>>
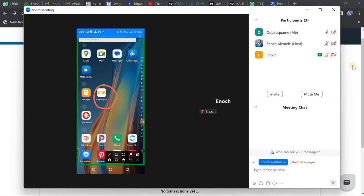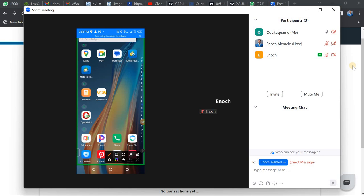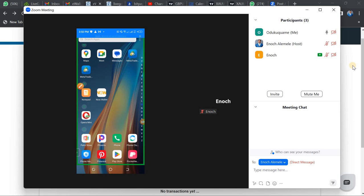Once you download the app and try to log in, it will request a Merchant code. You'll be required to enter a Merchant code to proceed. So the question is: how do you find your Merchant code? That is what I'm here to walk you through right now.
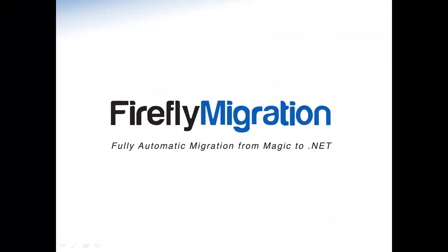If you want to experience your own Magic-based application in .NET and see how you can quickly enhance it using .NET just like you've seen here, go to fireflymigration.com and schedule your free demo migration.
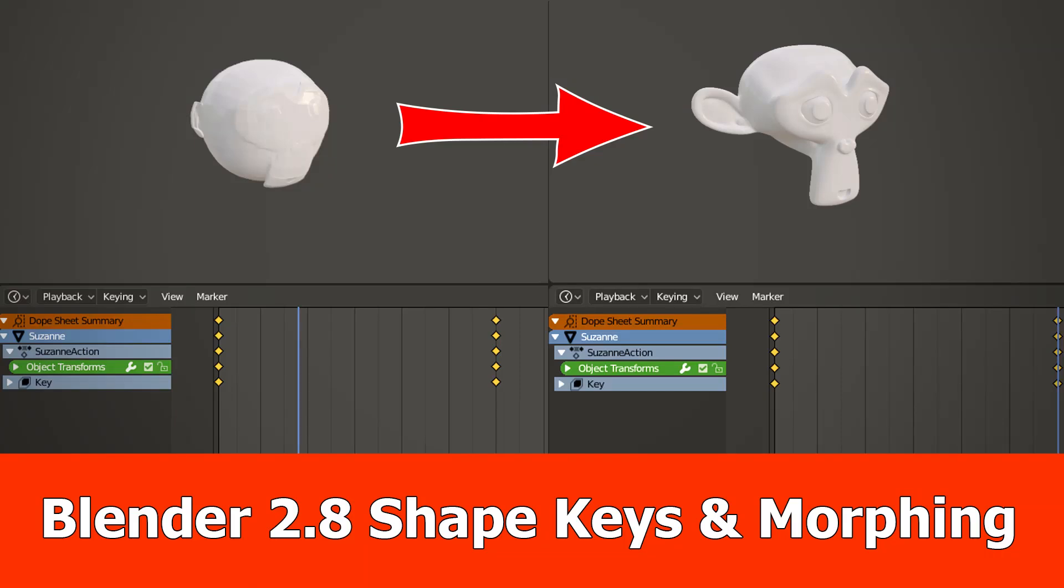Hi and welcome, here's a new Blender 2.8 video in which I'm going to morph an object into another one using shape keys.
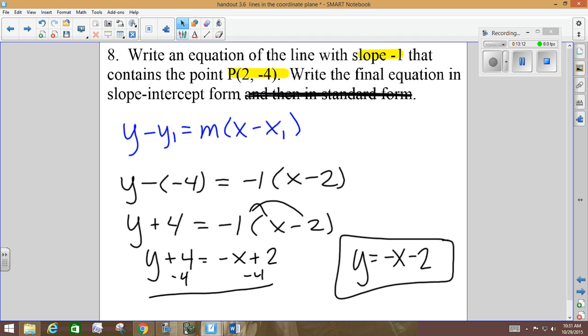Because it's y minus y1, it's always y minus whatever the y value is. Since it's negative 4, minus a negative becomes plus.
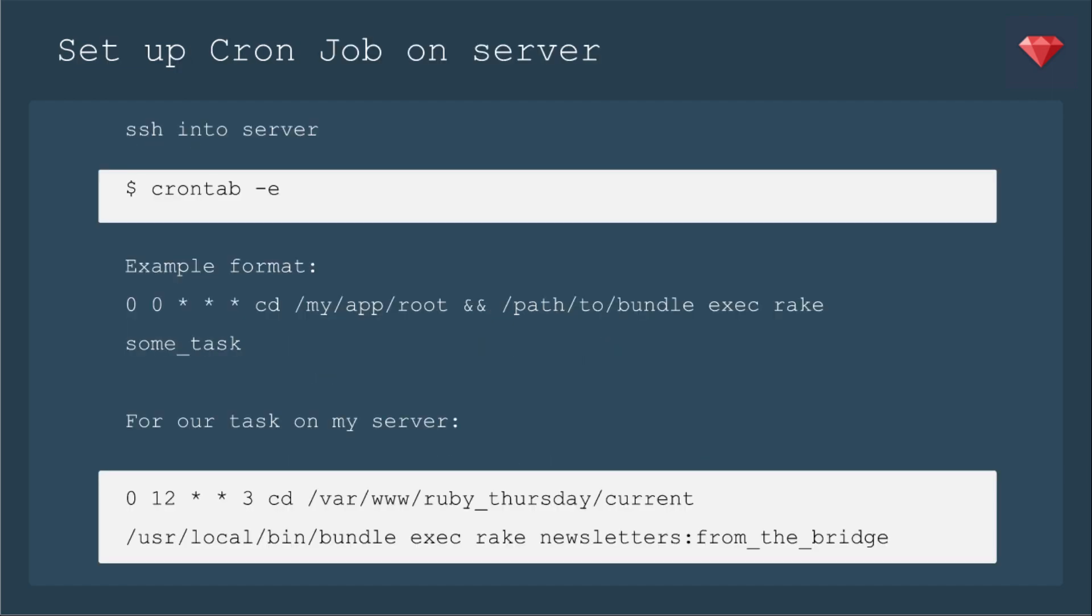Now let's put it into action. Let's set up a Cron job on a server. You would SSH into whatever server you're using. Then you would run the command crontab-e. If you don't already have a file created, it will create one for you. Then for a Rails task, the format is the Cron format to say when it happens, then cd into the app root, then the path to the bundle, that could be different for you, exec, rake, and then the name of the task.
<<
## Problem
For this exercise, output the records exactly but omit their pictures.

## Solution to the exercise
Once you download the app and try to log in, it will request a Merchant code. You'll be required to enter a Merchant code to proceed. So the question is: how do you find your Merchant code? That is what I'm here to walk you through right now.
If you want to experience your own Magic-based application in .NET and see how you can quickly enhance it using .NET just like you've seen here, go to fireflymigration.com and schedule your free demo migration.
Hi and welcome, here's a new Blender 2.8 video in which I'm going to morph an object into another one using shape keys.
Because it's y minus y1, it's always y minus whatever the y value is. Since it's negative 4, minus a negative becomes plus.
Now let's put it into action. Let's set up a Cron job on a server. You would SSH into whatever server you're using. Then you would run the command crontab-e. If you don't already have a file created, it will create one for you. Then for a Rails task, the format is the Cron format to say when it happens, then cd into the app root, then the path to the bundle, that could be different for you, exec, rake, and then the name of the task.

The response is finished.